EXTRACTED RECORDS:
====

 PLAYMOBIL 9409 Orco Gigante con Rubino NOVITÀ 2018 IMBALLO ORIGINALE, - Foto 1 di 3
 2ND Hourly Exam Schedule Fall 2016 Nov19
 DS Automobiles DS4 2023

====

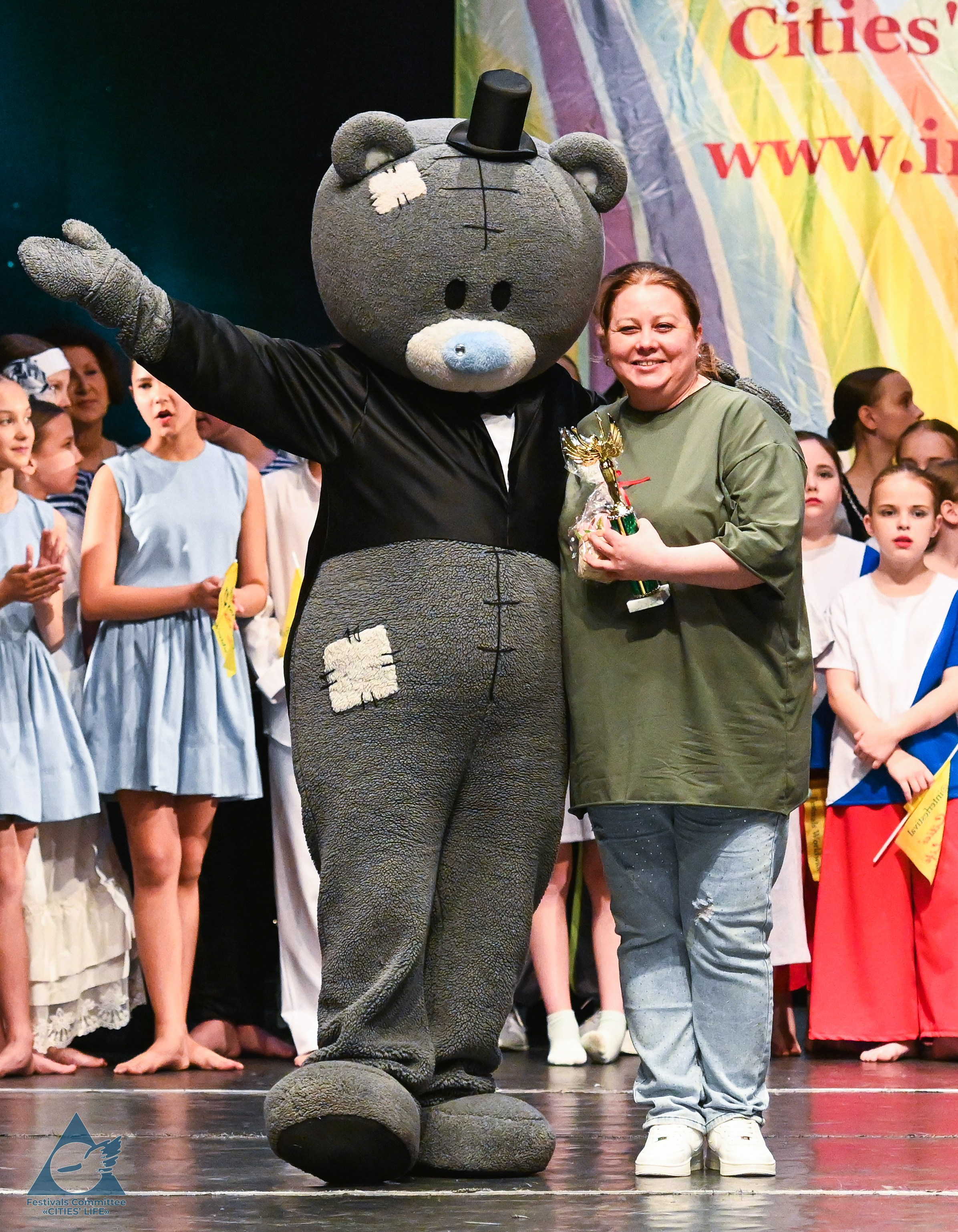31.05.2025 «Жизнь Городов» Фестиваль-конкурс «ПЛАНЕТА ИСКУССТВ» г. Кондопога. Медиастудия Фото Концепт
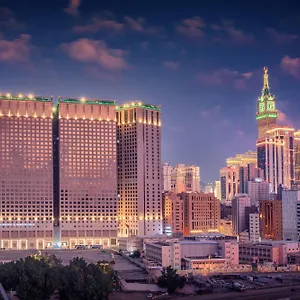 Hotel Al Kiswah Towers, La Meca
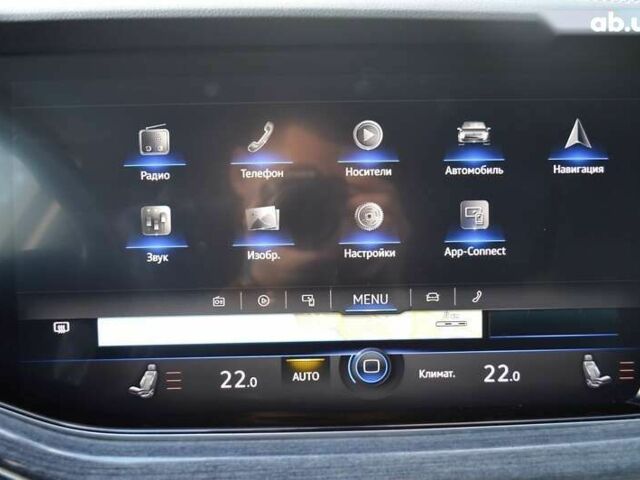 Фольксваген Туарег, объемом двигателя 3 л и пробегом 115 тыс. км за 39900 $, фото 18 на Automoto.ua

====

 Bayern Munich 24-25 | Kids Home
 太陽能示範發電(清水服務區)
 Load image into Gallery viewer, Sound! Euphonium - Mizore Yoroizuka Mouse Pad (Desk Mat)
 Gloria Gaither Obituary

====

WHAT IS EXPECTED: Leave out the images and write out the lines above exactly, from the one with "Hotel Al Kiswah Towers, La Meca" up to and including the one with "Фольксваген Туарег, объемом".

ANSWER SPACE:
 Hotel Al Kiswah Towers, La Meca
 Фольксваген Туарег, объемом двигателя 3 л и пробегом 115 тыс. км за 39900 $, фото 18 на Automoto.ua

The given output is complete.